Leo yang tadinya sedikit terhuyung karena mendapatkan pukulan dari Arka langsung balas memukul Arka. Tidak mau kalah, Arka kembali memukul Leo, membuat Leo terjatuh saking kerasnya pukulan Arka. Kini Arka berada di atas tubuh Leo, tangan kirinya memegang kerah seragam Leo, sedangkan tangan kanannya sibuk memukul wajah Leo. Sudut bibir Leo mengeluarkan darah akibat pukulan Arka, kondisi Arka juga tidak jauh berbeda dengan kondisi Leo sekarang.
"Berhenti!" teriakan Deni yang baru saja datang bersama Sheila tidak membuat kedua cowok itu menghentikan kegiatan mereka. Mereka masih sibuk saling memukul satu sama lain.
"GUE BILANG BERHENTI YA BERHENTI!" teriakan Sheila sukses membuat Arka menghentikan pukulannya. Cowok itu menatap Sheila, nafasnya memburu karena emosi.
Deni yang melihat hal itu langsung menjauhkan Leo dari Arka, begitu juga dengan Sheila yang menarik Arka menjauh. Sheila menatap Arka dengan pandangan kesal, kemudian berbalik memandang Leo dengan pandangan sama kesalnya. Seragam mereka kotor, wajah mereka lebam, sudut bibir mereka mengeluarkan darah.
"Kalian itu bego, bodoh, atau nggak bisa mikir?!" bentak Sheila. Bisa-bisanya mereka bertengkar pagi-pagi begini.
"Dia yang mulai duluan!" kata Arka tidak terima.
Mendengar perkataan Arka membuat Leo melotot kesal. "Lo yang duluan mukul gue!"
Arka yang memang masih emosi berusaha melepaskan cengkraman tangan Sheila dari lengannya, mencoba memukul Leo lagi.
"Mau gue laporin soal kelakuan lo ke tante Gina?!" ancaman Sheila cukup membuat Arka mengurungkan niatnya untuk memukul Leo lagi. Dia mendengus kemudian menghempaskan tangan Sheila, berjalan menjauh dari tempat itu.
Arka melangkahkan kaki menuju mobilnya. Moodnya untuk belajar hari ini hilang sudah. Dia memilih mengelilingi kota Jakarta daripada harus bertemu dengan Leo satu hari ini.
Arka melajukan mobilnya keluar dari sekolah, tidak memperdulikan Sheila yang terus berteriak memanggil namanya. Dia harus mencari Arana, tidak peduli sebanyak apa rumah sakit di Jakarta, Arka akan mencari Arana di rumah sakit itu satu persatu.

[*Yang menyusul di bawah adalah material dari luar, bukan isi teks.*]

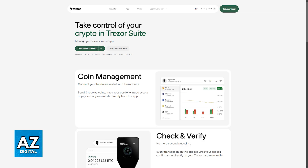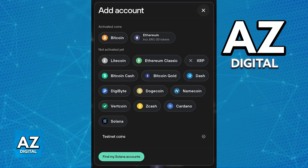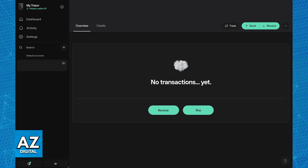You will be able to generate a new receive address for the crypto asset that you want to transfer from MetaMask. Click the plus sign at the left side of the screen, choose the asset, and you will be able to select between sending or receiving that asset. Choose receive, and an address will be generated.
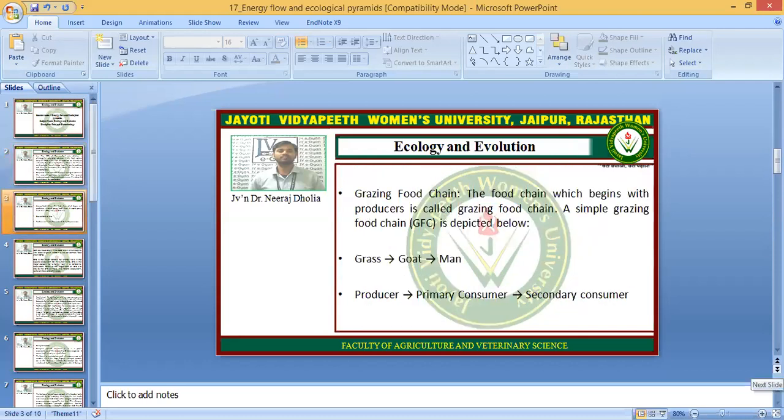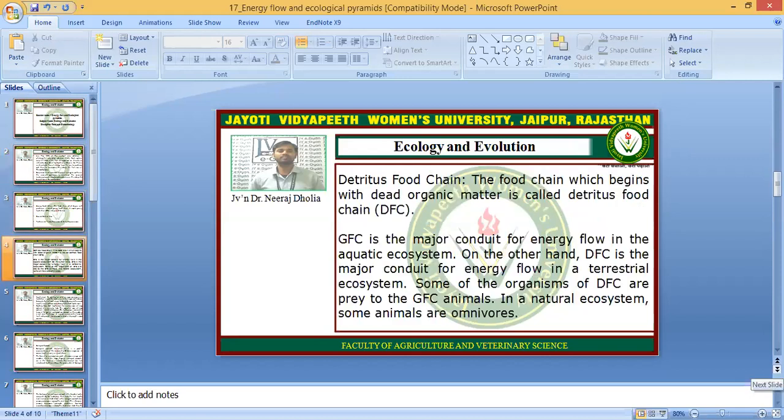The grazing food chain is the food chain which begins with producers. A simple grazing chain is depicted here: grass is eaten by the goat, and the goat is eaten by man. So grasses are the producers, goat is the primary consumer, and man is the secondary consumer. The detritus food chain is the food chain which begins with dead organic matter.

Arka melirik kearah handphonenya yang baru saja berbunyi. Pesan masuk dari Deni. Dia langsung membuka pesan itu.
Deni Pratama: Arana ada di rumahnya.
Arka tersenyum membaca pesan itu. Sahabatnya ini memang paling pengertian. Dia langsung melajukan mobilnya menuju rumah Arana.
***
Arana menatap datar kearah Arka yang sedang berdiri di depan rumahnya sambil tersenyum. Kegiatan membaca novelnya jadi terganggu karena kedatangan manusia setengah alien ini.
Arana menatap wajah Arka lama. Dia sedikit mengernyit melihat wajah Arka yang lebam dan sudut bibirnya yang berdarah. Arka yang menyadari hal itu langsung tersenyum lebar.
"Gue nggak apa-apa kok, nggak usah khawatir. Arka mah strong orangnya." Kata Arka sambil menepuk-nepuk dadanya.
"Gue nggak nanya." Mendengar balasan Arana membuat senyum Arka luntur. Sepertinya dia memang terlalu berharap.
"Masuk." Titah Arana sambil berbalik masuk ke dalam rumah. Arka langsung mengikuti langkah Arana.
"Duduk." Titah Arana lagi. Arka hanya mengikuti perintah Arana tanpa melawan.
Arana berjalan menuju dapur, meninggalkan Arka sendiri di ruang tamu. Tidak lama kemudian cewek itu kembali membawa baskom berisi air dan handuk kecil.
Dia duduk di samping Arka yang sedari tadi menatapnya. Tangannya mulai merendam handuk di baskom yang tadi dibawanya.
"Muka lo yang jelek jadi tambah jelek." Kata Arana sambil mengompres lebam di wajah Arka.
"Gue tuntut Leo kalau muka gue jadi jelek."
Perkataan Arka membuat Arana menghentikan kegiatannya itu. "Lo berkelahi sama Leo?"
Arka hanya mengangguk. Dia malas membahas hal ini. Arana juga hanya diam, tidak memperpanjang hal itu.
"Ra?" Panggil Arka setelah cukup lama terdiam.
"Hm."
"Kenapa lo bilang kalau perasaan gue ini salah?"
Hening.
"Ra?"
"Hm."
"Gue tahu lo juga punya perasaan yang sama dengan gue."
"Percaya diri lo terlalu tinggi."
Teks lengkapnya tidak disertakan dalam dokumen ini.